REQUIRED WORK
Filter the entries below, keeping only lines with "Woven".

INPUT

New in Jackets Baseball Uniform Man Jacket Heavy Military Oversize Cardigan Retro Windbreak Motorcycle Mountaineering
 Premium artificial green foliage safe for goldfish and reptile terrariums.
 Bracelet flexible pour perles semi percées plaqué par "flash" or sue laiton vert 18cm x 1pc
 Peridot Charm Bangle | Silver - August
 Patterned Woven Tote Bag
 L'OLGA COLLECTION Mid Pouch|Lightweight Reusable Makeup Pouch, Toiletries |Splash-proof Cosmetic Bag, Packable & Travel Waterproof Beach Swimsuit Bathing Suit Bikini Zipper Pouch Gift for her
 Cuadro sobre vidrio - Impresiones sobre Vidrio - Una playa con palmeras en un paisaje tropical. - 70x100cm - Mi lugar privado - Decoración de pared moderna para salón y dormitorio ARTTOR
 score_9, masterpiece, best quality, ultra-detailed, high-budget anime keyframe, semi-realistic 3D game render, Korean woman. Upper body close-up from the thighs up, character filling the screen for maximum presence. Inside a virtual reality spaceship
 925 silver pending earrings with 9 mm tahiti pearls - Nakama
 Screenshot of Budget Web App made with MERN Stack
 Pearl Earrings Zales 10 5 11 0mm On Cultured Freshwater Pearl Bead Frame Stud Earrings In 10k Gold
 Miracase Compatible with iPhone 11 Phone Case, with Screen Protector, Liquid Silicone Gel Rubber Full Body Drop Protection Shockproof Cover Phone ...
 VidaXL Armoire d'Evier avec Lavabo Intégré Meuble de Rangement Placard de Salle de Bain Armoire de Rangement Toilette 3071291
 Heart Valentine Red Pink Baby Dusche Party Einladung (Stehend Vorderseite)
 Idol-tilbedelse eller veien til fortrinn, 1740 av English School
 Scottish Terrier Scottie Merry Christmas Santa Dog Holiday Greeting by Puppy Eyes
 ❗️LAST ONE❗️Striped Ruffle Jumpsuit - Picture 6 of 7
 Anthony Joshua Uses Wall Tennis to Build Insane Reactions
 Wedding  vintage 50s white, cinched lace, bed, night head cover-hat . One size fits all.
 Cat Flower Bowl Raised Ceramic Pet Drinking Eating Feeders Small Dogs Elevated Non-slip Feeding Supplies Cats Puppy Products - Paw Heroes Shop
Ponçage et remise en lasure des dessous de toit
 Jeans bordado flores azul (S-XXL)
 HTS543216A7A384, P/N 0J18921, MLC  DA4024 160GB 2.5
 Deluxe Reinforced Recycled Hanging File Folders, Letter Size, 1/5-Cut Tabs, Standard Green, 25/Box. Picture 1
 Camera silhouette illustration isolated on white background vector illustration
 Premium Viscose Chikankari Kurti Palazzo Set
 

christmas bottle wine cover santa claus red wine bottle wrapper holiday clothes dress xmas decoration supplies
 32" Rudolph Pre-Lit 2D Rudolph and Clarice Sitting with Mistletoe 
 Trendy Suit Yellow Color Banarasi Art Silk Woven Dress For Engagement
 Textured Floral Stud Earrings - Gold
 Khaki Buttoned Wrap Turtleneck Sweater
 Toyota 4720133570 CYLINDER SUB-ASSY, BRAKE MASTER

WRITTEN SOLUTION
 Patterned Woven Tote Bag
 Trendy Suit Yellow Color Banarasi Art Silk Woven Dress For Engagement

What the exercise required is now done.